Çok güç bir müddetç yaşadıklarını lisana getiren Ecrin Aydoğ, “Kemoterapiler beni fazlaca yoruyordu. Üzülüyordum ancak şu an epey memnunum. Hayallerimi elime aldım. Ben hastalığımın başından beri günlük tuttum. Bir gün İzmir Hasta Çocuk Evleri’nde kalan Zeynep Abla günlüğümü gördü ve bunun bir kitap haline gelebileceğini söylemiş oldu. Akabinde dernek de bana takviye oldu ve günlüğümü kitaba dönüştürdük. Kitabımda yaşadığım süreci anlattım. O günlerde konuşacak dermanım yoktu. Yürüyemediğim vakit içinder oldu lakin ben artık kanseri yendim. Artık basamadığım yolları eğlene eğlene geçiyorum. Benim sürecim de memnun sonla bitti, kitabım da memnun sonla bitti. Beşerler bu kitabı okuduğunda umutlarını kaybetmeyecek. Sabır ederek hoş günlerin geleceğini gorebilecek. Tedavi görürken benim de pes ettiğim vakit içinderım oldu lakin o sırada babam bana yaşlandığı için ölmek üzere olan lakin pes etmeyerek kendini yenileyen bir kartalın öyküsünü anlatıp ‘Sen de yavru kartalsın. Pes etmek sana yakışmaz’ dedi. Ben de bir yavru kartal olarak pes etmedim ve kanseri yendim” dedi.

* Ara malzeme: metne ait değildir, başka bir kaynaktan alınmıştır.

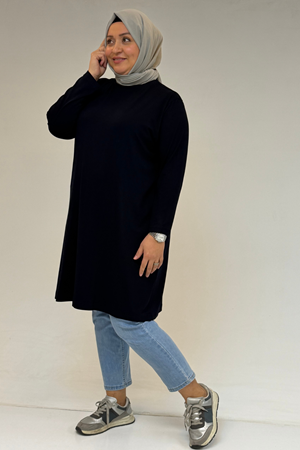 38501 Büyük Beden Basic Penye Tunik - Lacivert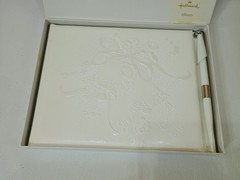 Hallmark White & Ivory Bells Wedding Guestbook Album with Pen in box New/Unused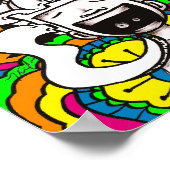 Psychedelic Happy Brain Poster (Ecke)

İZMİR’DE YENİ BİR NİZAM KURMAK ZORUNDAYIZ


Tedavi süreci bitse de 5 yıl boyunca denetimlerinin İzmir’de devam edeceğini söz eden Ecrin, “Biz ailemle Uşak’ta yaşıyorduk fakat tedavim niçiniyle İzmir’e gelmek durumundaydık. İzmir Hasta Çocuk Meskenleri Derneği, 1,5 yıldır İzmir’de barınma muhtaçlığımızı karşılıyor. Ben kanseri yendim lakin denetimlerim İzmir’de devam edecek. Yakın bir süre içerisinde buradan çıkıp İzmir’de yeni bir tertip kurmak zorundayız. Biz çıkacağız ki öteki gereksinimi olan arkadaşlarımız bu meskenlerde kalabilsin. Kitabımdan elde ettiğim gelirle hem İzmir’de kuracağımız sistemde aileme takviye olmak birebir vakitte benimle tıpkı süreci yaşayanların yanında olan İzmir Hasta Çocuk Meskenleri Derneğine dayanak sunmak istiyorum. Kitabım 4 bin adet basıldı. Umarım kitapseverler kitabımı alarak takviye olur. Ayrıyeten İzmir Kitap Fuarı’nda kitabım için imza günü yapmak istiyorum. Bu kitapla müsabakalara katılmak istiyorum. İkinci günlüğümü de yazmaya başladım. Bunu da kitap haline getirmek ve öykümün sinemaya çevrilmesini de isterim” diye konuştu.

ONUNLA GURUR DUYUYORUZ

Ecrin’in annesi Pelin Aydoğ da şunları söylemiş oldu: “Kolay şeyler yaşamadık. Ecrin, 9 yaşında kansere yakalandığında hayata daha sıkı tutunmayı öğrendi. Bunu bize de öğretti. Ondan hiç bir şeyi saklamadık. Yaşına uygun olarak bilmesi gerekenleri anlattık. Günlüğünü kitap haline getirmeye karar verdiğinde fazlaca keyifli olduk. Onunla gurur duyuyoruz. Kitabı okuduğumuzda yaşadıklarımız bir daha canlandı. Her şeyin başı sıhhat. Sabır her şeyin anahtarı. Biz de sabrederek hayli şükür bu hastalığı yendik lakin İzmir’de denetimlerimiz devam edecek. Haftada iki kere gözetici kemoterapi alınacak, ayda bir de ameliyat eden hocamız denetim edecek. Yani artık İzmirli olmak durumundayız. Babası iş bulup kitabın da dayanağı ile burada yeni bir hayat kurmak istiyoruz.”